From Shock Hike to Second Price Cut: How Game Pass Got Here
Xbox Game Pass has swung from aggressive price hikes to back‑to‑back cuts in less than a year, and Call of Duty sits at the center of that whiplash. Last October, Microsoft raised Xbox Game Pass Ultimate’s price by about 50%, widely seen as an attempt to cover the cost of launching new Call of Duty games into the subscription on day one. Under new Xbox chief Asha Sharma, that move has been almost fully reversed. Game Pass Ultimate has dropped from USD 29.99 (approx. RM140) to USD 22.99 (approx. RM108) per month, while PC Game Pass fell from USD 16.49 (approx. RM77) to USD 13.99 (approx. RM65). These cuts follow Sharma’s leaked memo and public comments that Game Pass "has become too expensive" and needs a better value equation.
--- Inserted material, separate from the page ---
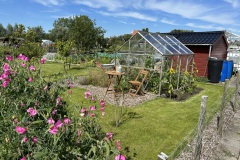 overzicht-tuin-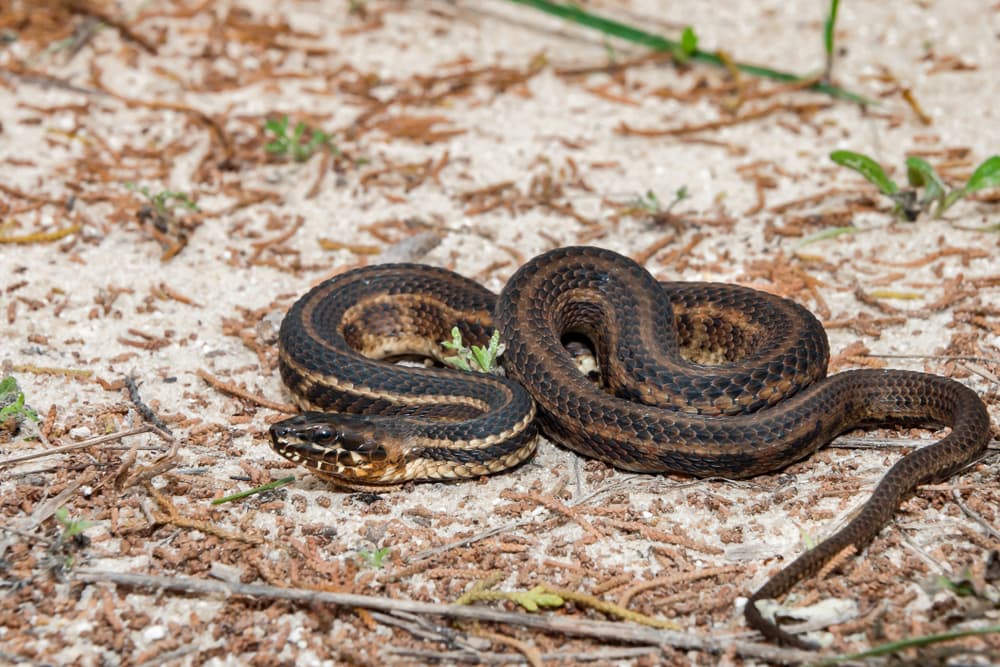 Saltmarsh Snake of Florida crawling through dry branches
The result is a cheaper service than the post‑hike era, but still more expensive than the pre‑hike days, and now with a new Call of Duty caveat attached.

New Rules for Game Pass Call of Duty: No More Day-One, One-Year Delay
The headline trade‑off behind the Xbox Game Pass price cut is clear: future Call of Duty releases will no longer hit the service on launch day. Microsoft now says new entries will be added to Game Pass Ultimate and PC Game Pass "during the following holiday season," roughly a year after their initial release. Existing Call of Duty titles, including recent Black Ops entries, remain in the catalog, but the annual tentpole shooters that once helped define Game Pass Ultimate value are now treated more like delayed box‑set arrivals. Crucially, other first‑party Xbox Game Studios games still launch day‑and‑date on Game Pass, reinforcing that Call of Duty is the exception, not the new rule. This creates a sharper line in the subscription: Game Pass keeps its identity as a day‑one library for most first‑party titles, while ring‑fencing the biggest blockbuster franchise into a premium, wait‑a‑year perk.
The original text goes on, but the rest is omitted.